The handler's `apply()` validates and applies that player's response
immediately (so per-player effects don't have to wait for the others).
- When the last pending player submits, the handler's `finalize()` runs
(for any cross-player resolution), `concurrent_action` is cleared, and
if the engine was sitting in setup it advances forward.
### Adding a new concurrent action kind
1. Implement a handler class with:
- `apply(self, game, player_id, response)` — validate + apply per-player
side effects. Raise `ValueError` to reject a submission (the player
stays in `pending`).
- `finalize(self, game)` — optional; runs once after every participant
has submitted.
2. Register it in `CONCURRENT_HANDLERS` keyed by `kind`.

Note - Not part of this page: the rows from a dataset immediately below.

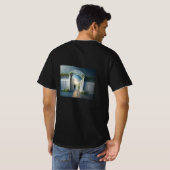 "Leef..." Aanpasbare Heren- T-shirt (Achterkant volledig)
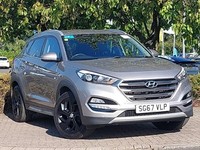 2017 Hyundai TUCSON 1.7 CRDi Blue Drive Sport Edition 5dr 2WD ESTATE DIESEL Manu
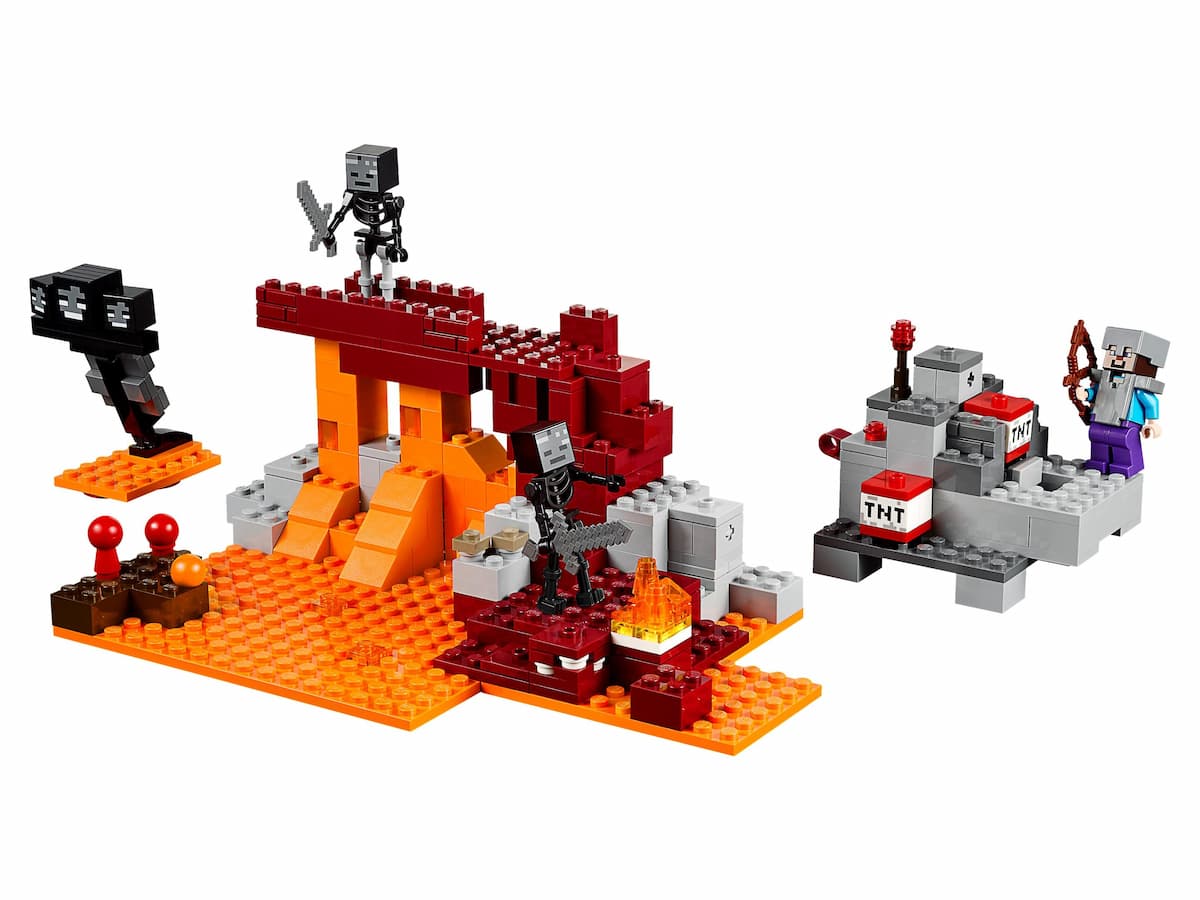 The Wither LEGO set (#21126-1)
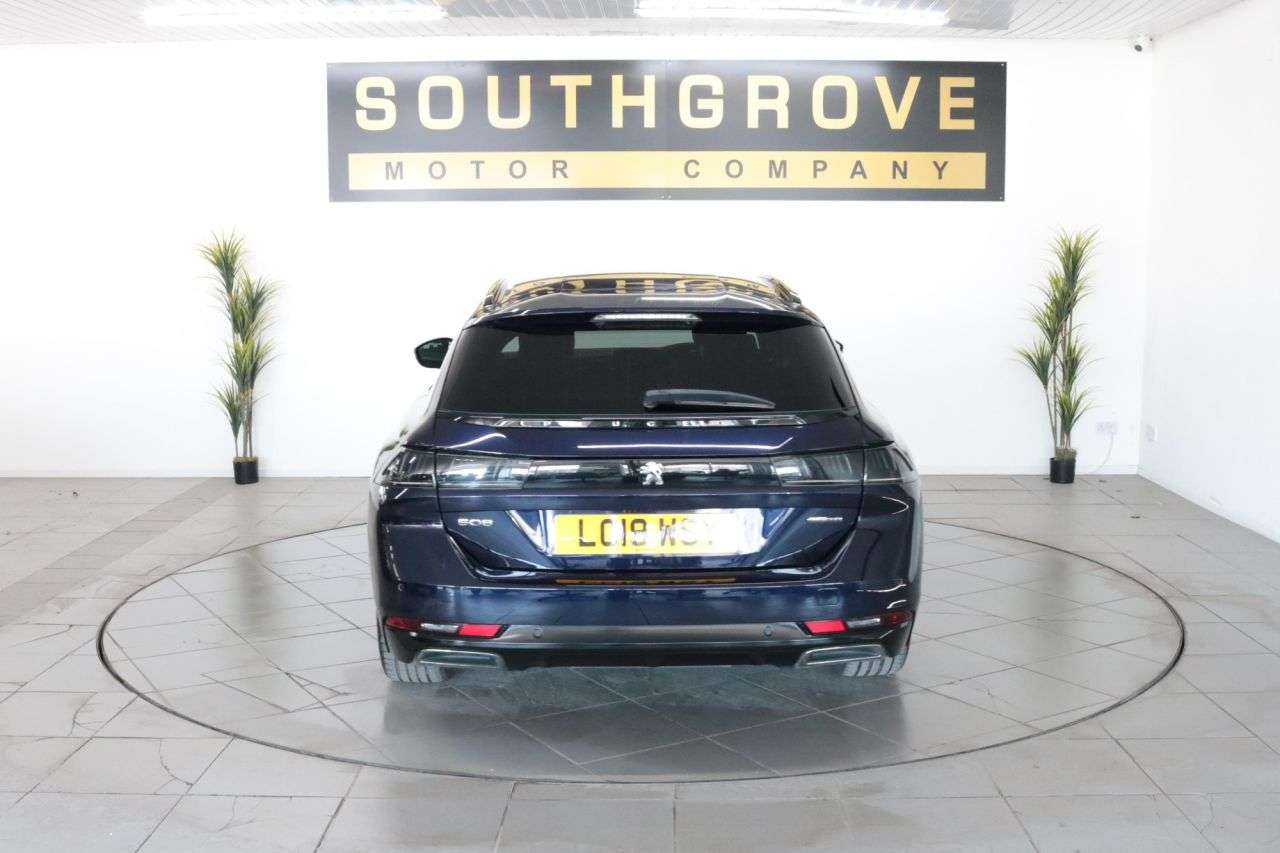 2019 PEUGEOT 508 SW 2019 PEUGEOT 508 SW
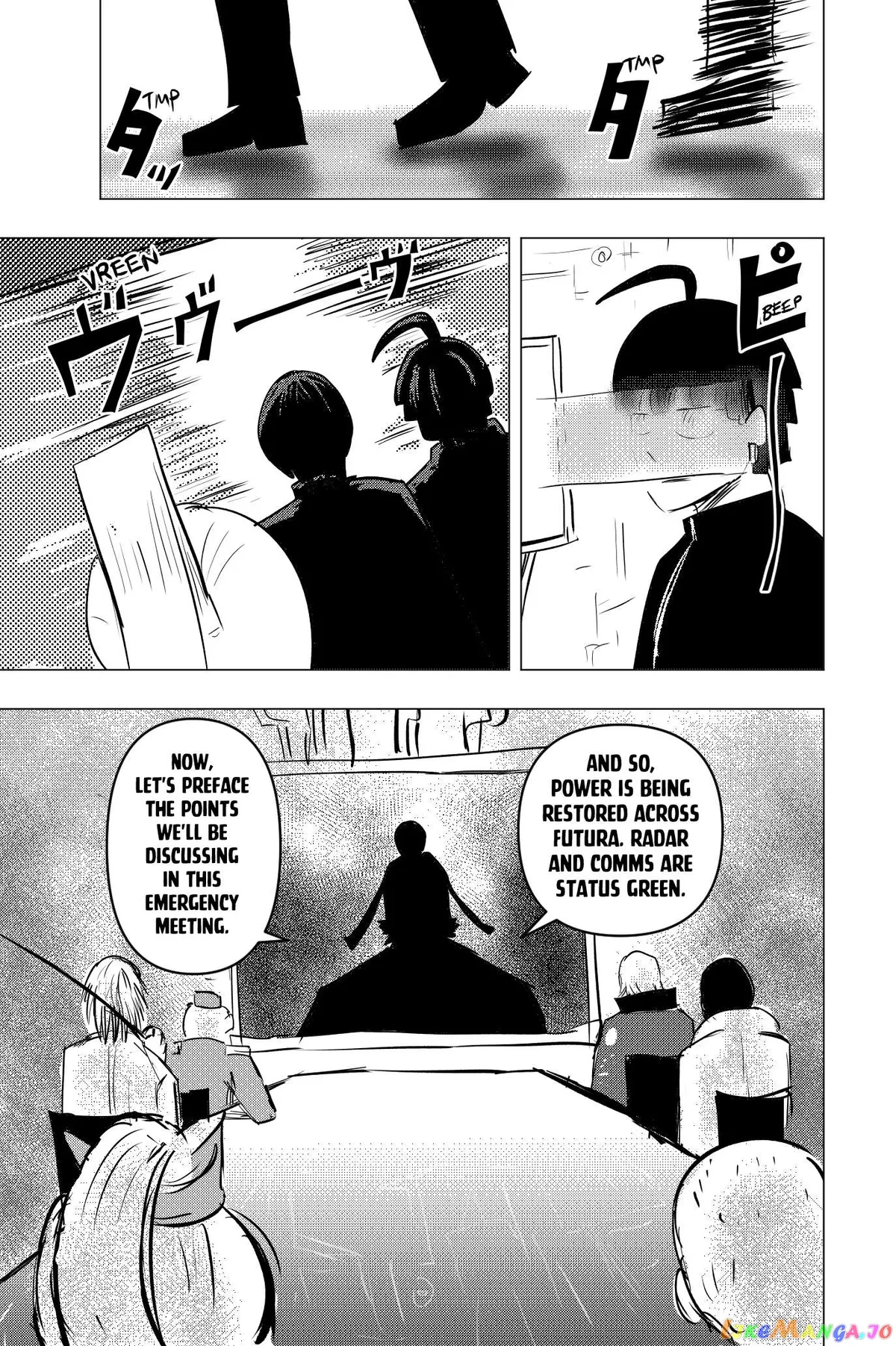 Tekno  Manga Chapter 32 page 10 - 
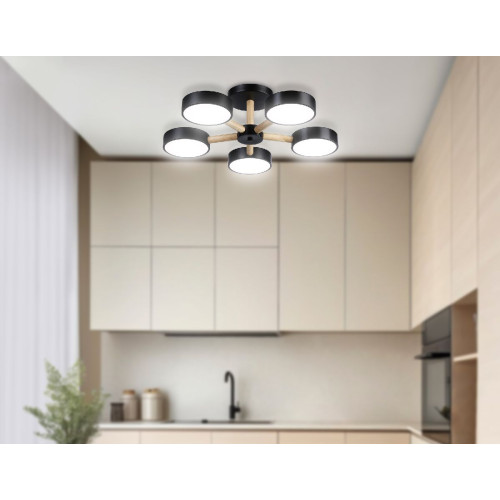 Люстра на штанге Ambrella Light Comfort LineTech FL4828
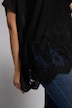 Kaftan, Spitze, Oversized, extrafeiner Strick, Halbarm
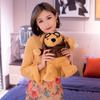 1 τμχ 30 /40 εκ. Kawaii Pilot Bear Λούτρινα παιχνίδια Γεμιστά Μαλακά αρκουδάκια κούκλες Μαξιλάρι για παιδιά Παιδιά Appease Δώρα γενεθλίων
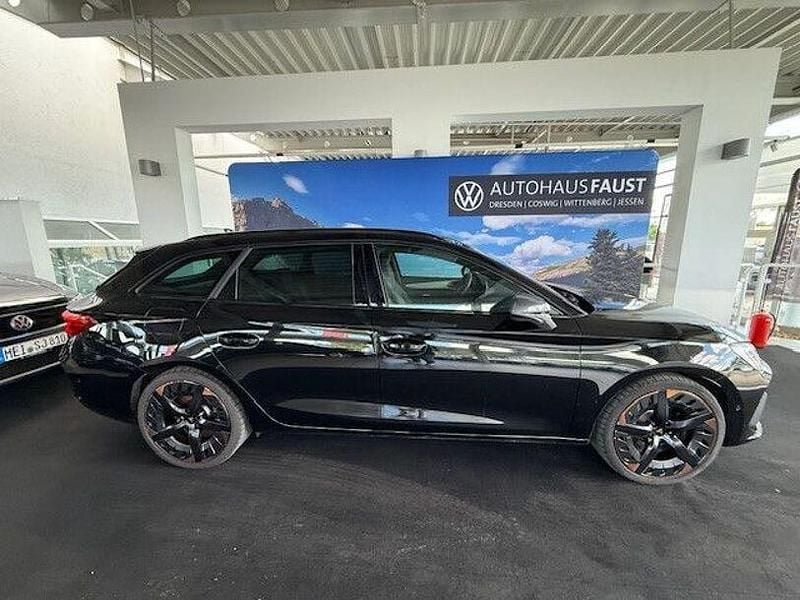 Gebraucht Cupra Leon VZ 245 PS (180 kW) 2022 Schwarz metallic Kombi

3. Build the prompt with `_new_concurrent_action(kind, participant_ids, data=...)`
and assign it to `game.concurrent_action` at the point in the engine
where the gate should appear.
4. On the client, register a renderer in the `CONCURRENT_RENDERERS` map in
the dev client (server.py HTML) keyed on the same `kind`.
Because the engine itself only knows "block while pending is non-empty",
the concurrent gate is fully reusable — no engine changes are required to
add new kinds (mulligan, simultaneous discard, voting, etc.).